After the battle, Orseen spent a few minutes admiring the carved wooden double doors and going on about how great they would look in the kingdom’s Door Museum (a running gag that was inspired by the giant bronze doors in Vordakai’s tomb). Then the future museum pieces were kicked open, and the PCs strutted into the hall beyond.

It was a large, long room with a vaulted ceiling that was supported by a half dozen pillars. The far end had a wide dais, and atop that dais sat a massive snake monster! Its coiled body was at least 15 feet in diameter, and the front end of the serpentine body rose 20 feet more to end in a human-like head that swayed back and forth! The giant abomination was flanked by two robed serpentfolk, and six sneeple guards stood by the pillars, scimitars at the ready.
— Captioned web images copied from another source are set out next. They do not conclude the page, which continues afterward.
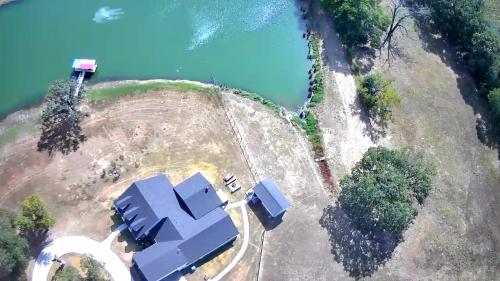 an aerial view of a house on an island next to the water at Double D Guest Cottage in Emory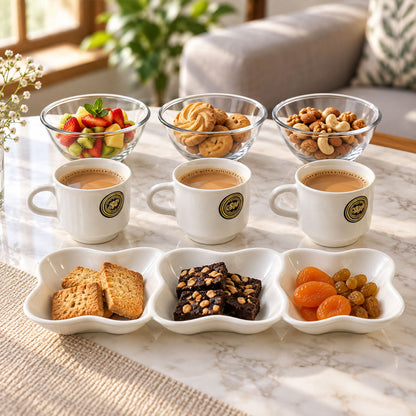 Three white ceramic mugs filled with a light brown beverage, three clear glass bowls containing fruit, cookies, and nuts,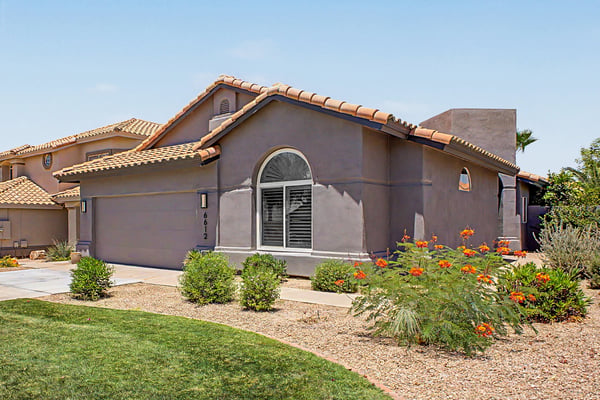 Attractive front exterior featuring mature landscaping, a spacious driveway, and timeless architecture in the desirable Red Mountain Ranch community. This well-maintained home offers exceptional curb appeal from the moment you arrive.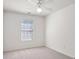 Clean, simple bedroom with a neutral carpet, white trim, and a window providing natural light at 3032 Cedar Glade Ln, Buford, GA 30519
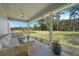 Spacious covered porch featuring comfortable outdoor seating, ideal for enjoying tranquil views of the surrounding landscape at 4801 Coon Club Rd, Meggett, SC 29449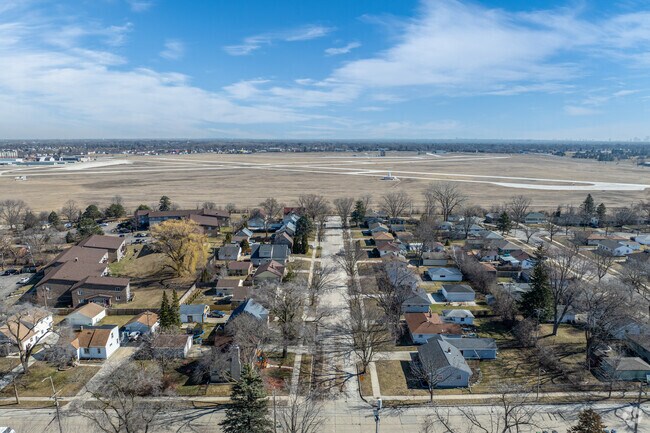An aerial view of the Timmerman West neighborhood with the airport in the Background.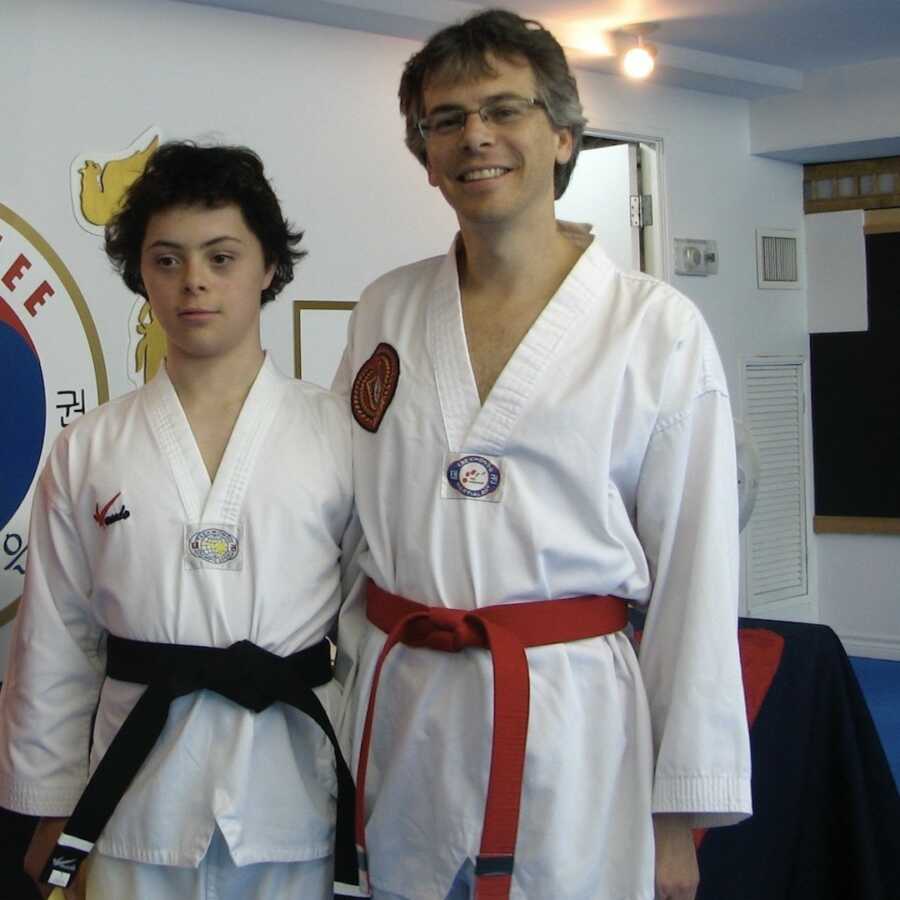 Dad and son wearing karate uniforms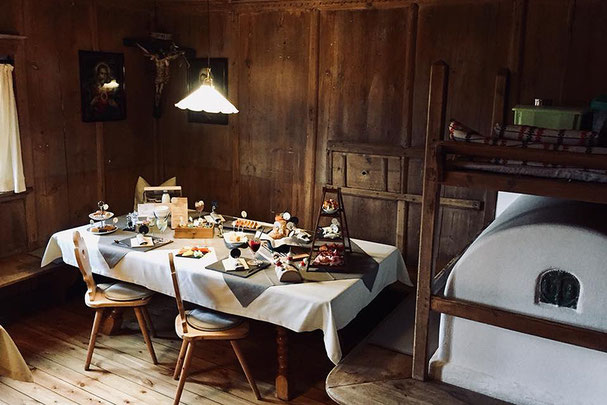 Gemütliche Bauernstube im Zuner Hof am Ritten mit gedecktem Tisch, Holzvertäfelung, traditionellem Ofen und liebevoll präsentierten Speisen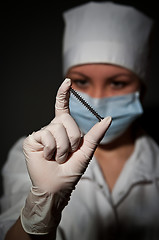 Image showing young pretty surgeon holding nail for osteosynthesis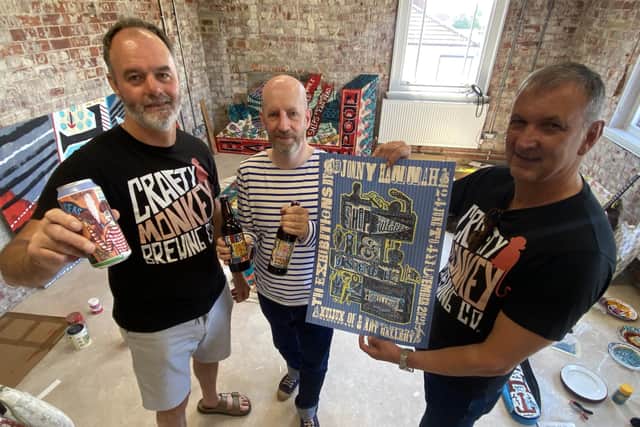 Artist Jonny Hannah (centre) with Pat Garrett (left) and Gary Olvanhill from Crafty Monkey Brewing Company at the launch of their new beers for the Hartlepool Tall Ships Races and Jonny's new exhibition. Picture by FRANK REID
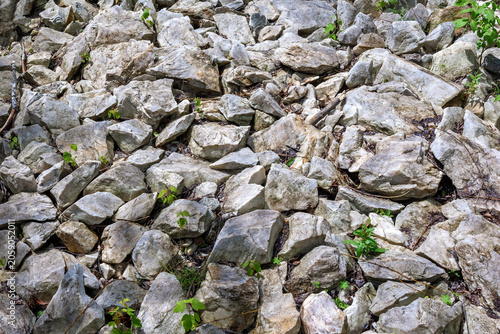 Fotografie A heap of grey stones and boulders.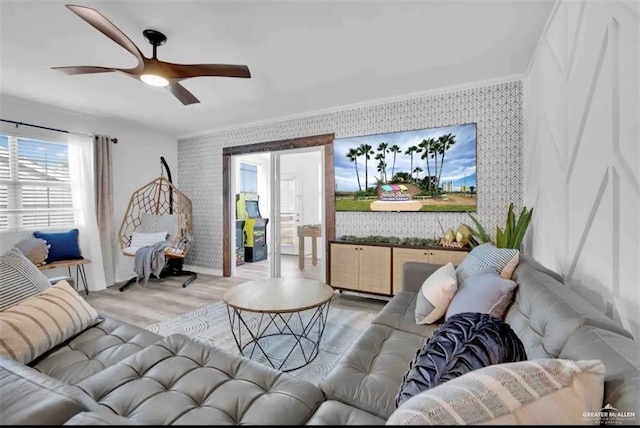 living room with ceiling fan, light hardwood / wood-style floors, and ornamental molding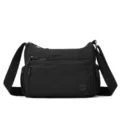 Sac bandoulière en nylon noir avec multiples poches zippées et sangle réglable. - Noir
“You have invaded our sssanctum,” boomed a powerful voice in the PCs’ heads. “Ssspilled divine blood. Ssstolen our recruitsss! Intruded upon that which you do not under-ssstand. You could have joined usss! Become like unto godsss, drank from the divine font, sssloughed off your weak flesh… replace-sssed your too-warm blood. You ssstill could… Ssset assside your misss-guided intentionsss. Lay down your weaponsss and spellsss… Crawl to me, crawl to your new massster…”

The PCs all made their saves against the mass suggestion, though the liberated prisoners did not. The ragged humans promptly dropped whatever improvised weapons they had acquired, fell to their knees, and began to crawl forwards.

Aakif quickly summoned a wide circle of black tentacles, which easily ensnared two of the guards. One of the robed figures on the other side of the room moved into the shadows and vanished, and Satampra the swashbuckler activated his boots of haste and ran up to see where it went. However, he failed his Perception check and settled for one-shotting the nearest guard. In retaliation, the other robed serpentfolk, a 10th level psychic sorcerer, rent the swashbuckler’s thoughts (somewhat) asunder with a mind crush. The remaining guards charged Satampra and the casters, accomplishing little but giving Orseen plenty of targets for his flaming greatsword.

After identifying the sneeple sorcerer, Aakif dropped it into an acid pit, which it then dispelled, effectively cancelling out their actions for the round. Remesio finished summoning an insect plague on top of the snake-god and the sorcerer, but they only took minimal damage. That’s one of those spells that’s great against mooks, but it’s not like high-level characters need their top spell slots to deal with mooks in Pathfinder. The hidden serpentfolk, a rogue, appeared and attacked Satampra, but it and the guards didn’t have much luck against his AC and parries, and he sliced them up with ripostes. The abomination hit the arcanist with a spellcrash, and then was charged by the warpriest, who missed.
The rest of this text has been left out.